This recipe puts a healthy twist on a take-out favorite, beef and broccoli. Not only does it use nutrient-dense bone broth, but it’s also quick and easy and – BONUS – it’s Whole30 approved!
This recipe was created by our friend, Tory over at Nourishing The Glow.
Total time: 20 minutes
- 5 Medjool dates, soaked in warm water for 10 minutes and pitted
- 3/4 cup coconut aminos
- 1/4 cup arrowroot starch
- 3 tablespoon apple cider vinegar
- 1-inch fresh ginger, minced
- 3 cloves garlic, minced
- 1.5 lbs flank steak, sliced thin against the grain
- 1/2 tsp Black Pepper
- 1/2 tsp garlic powder
- 1 1/2 tablespoon sesame oil
- 1 1/2 tablespoon olive oil
- 2 cups broccoli florets
- 1/4 cup Bonafide Provisions beef bone broth
- 2 tablespoons Red Boat Fish Sauce
- Salt, to taste (if needed)
- Cauliflower rice, (optional for serving)

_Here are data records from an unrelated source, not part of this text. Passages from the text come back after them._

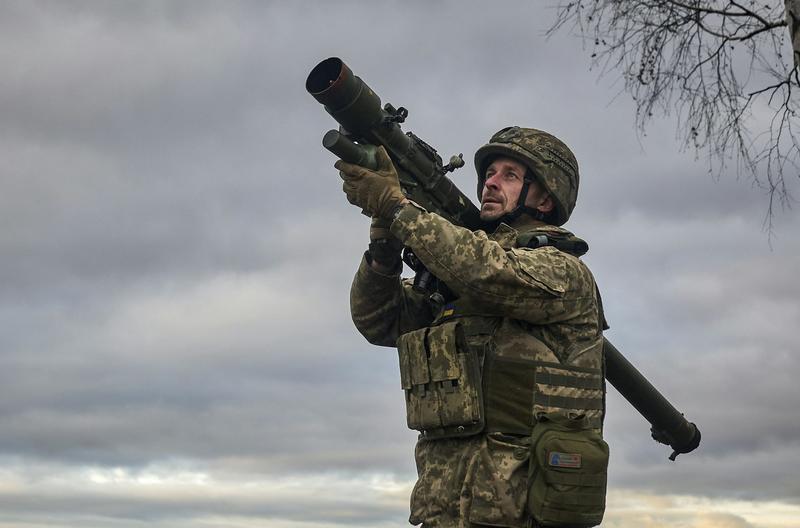 By delaying a decision on using Russia’s frozen assets for Ukraine, Europe is quietly hedging its bets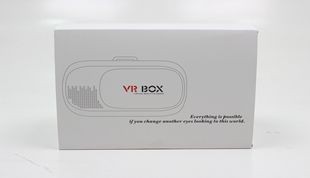 VR-BOX 3D eyepiece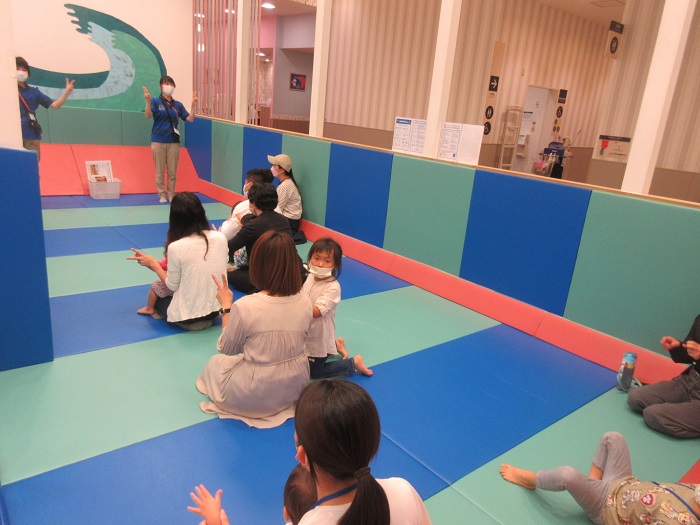 秋の読書会イベント　
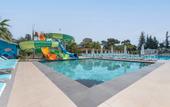 Туры в отель Dosinia Luxury Resort
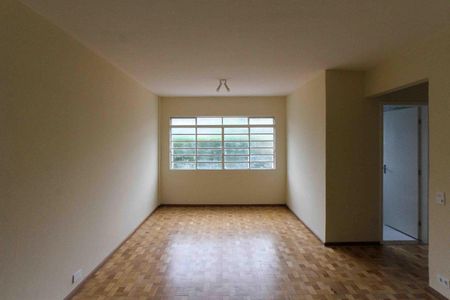 Sala de apartamento para alugar com 2 quartos, 99m² em Casa Verde Alta, São Paulo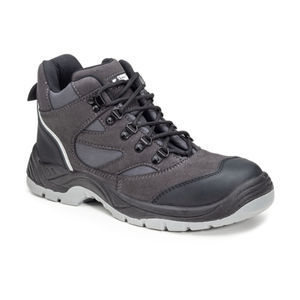 logistics and maintenance safety shoes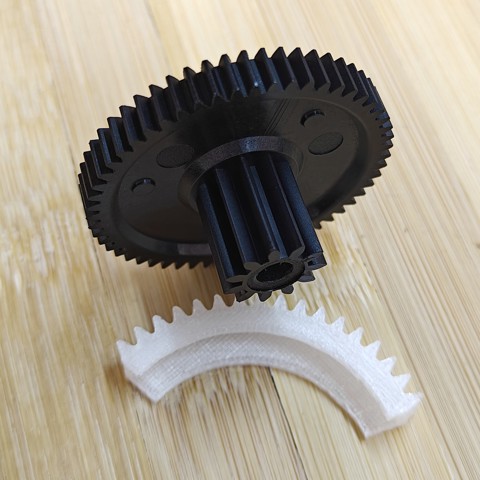 RK6147304A Vitautoplast Ремкомплект дросельної заслінки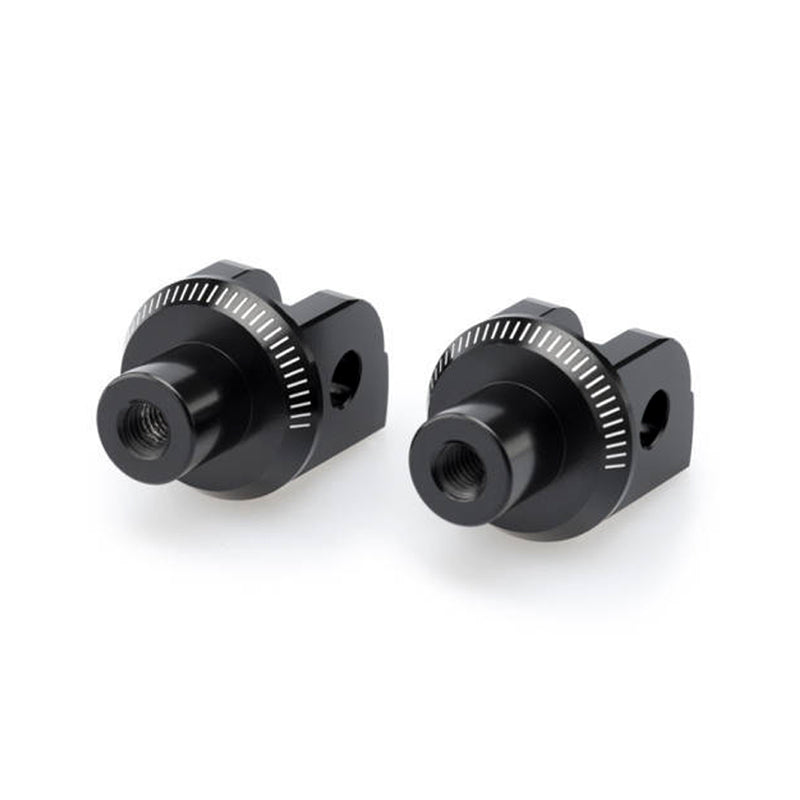 Puig 6453N Footpeg Adapters
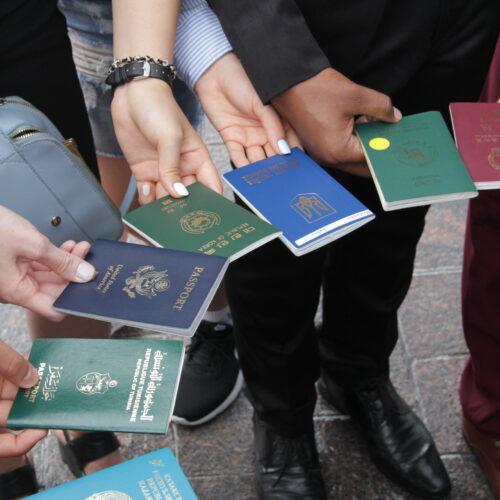How Does the New Social Media Requirement for U.S. Visa Applicants Affect Me?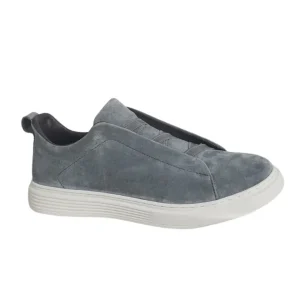 Zapatos elegantes de piel para hombre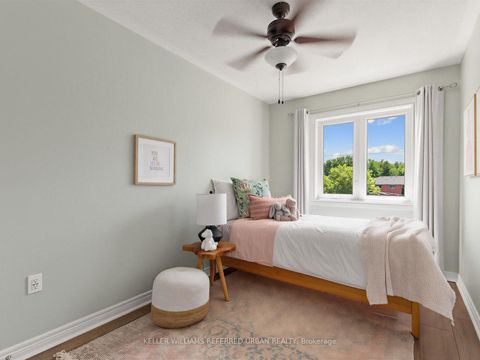 Photo 13 at 5 Caserta Street, Historic Lakeshore Communities, Georgina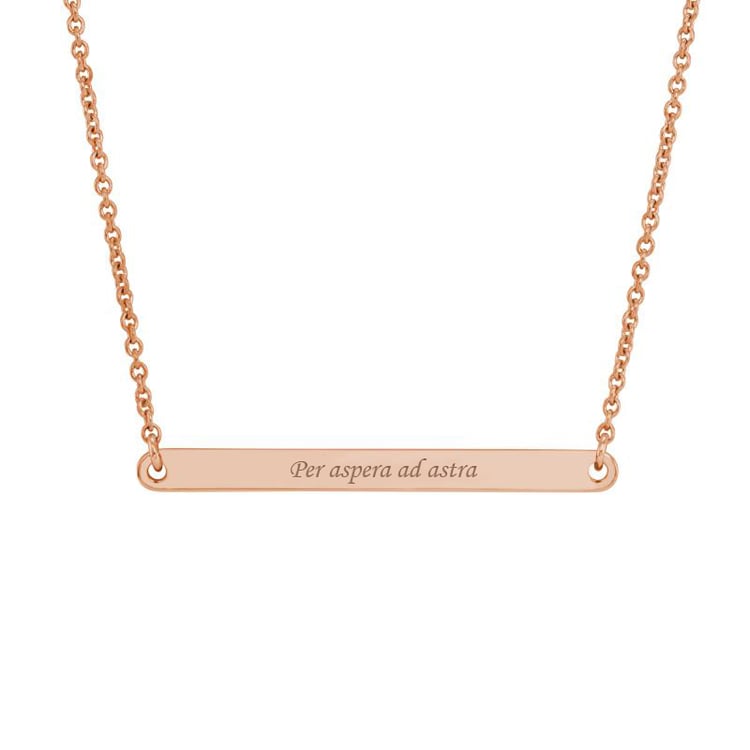 Halskette aus Gold 20904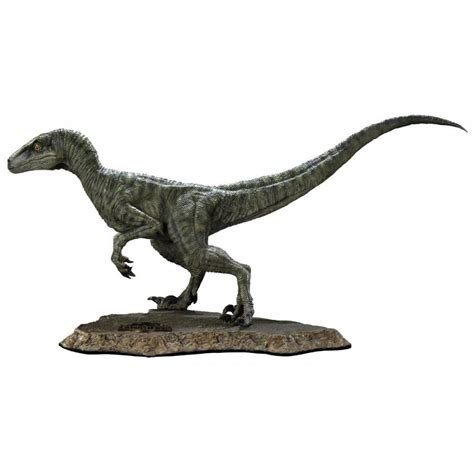 Jurassic World (Film) Charlie Limited Edition Statue by Prime 1 Studio - www.superherotoystore.com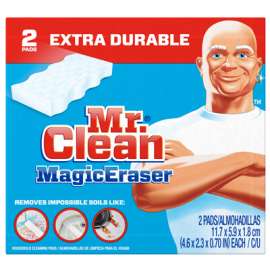 2CT XPWR Magic Eraser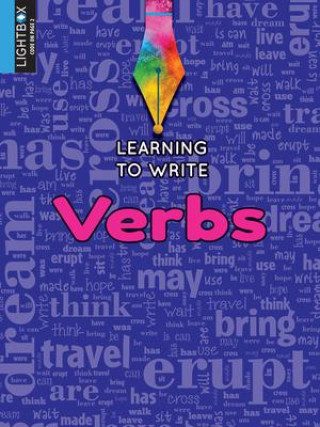 Livro Verbs Deborah Lambert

- Green onions, (optional for garnish)
- Red pepper flakes, (optional for garnish)
- Place the steak in a large bowl, season with pepper and garlic, toss until coated. Set aside.
- Roughly chop the soaked dates, then add them, along with 2 tablespoons water to a high-speed blender or a food processor and pulse until smooth (add more water if needed). Now add in the coconut amigos, arrowroot starch, apple cider vinegar, ginger, and garlic. Pulse until smooth and combined (about 30 seconds).
- Pour half of the mixture over the steak, tossing with your hands until well coated in the sauce. Set aside remaining sauce mixture.
- Now, heat sesame oil over medium-high heat in a skillet or wok. Add the broccoli and cook for 4 minutes, or until the broccoli is just beginning to soften. Stir frequently. Transfer the broccoli to a plate. Set aside.
- In the same skillet, heat the olive oil over medium-high heat. Using tongs, add the steak in an even, single layer. Cook until browned on both sides, about 2-3 minutes per side. Remove from skillet and transfer to a clean plate.
- Pour the remaining sauce mixture into the skillet, along with the bone broth, and fish sauce. Cook over high heat, stirring frequently, until the sauce begins to thicken. Now transfer the beef and broccoli back into the skillet and toss until well coated.
- Serve over cauliflower rice and top with green onions, sesame seeds, and red pepper flakes.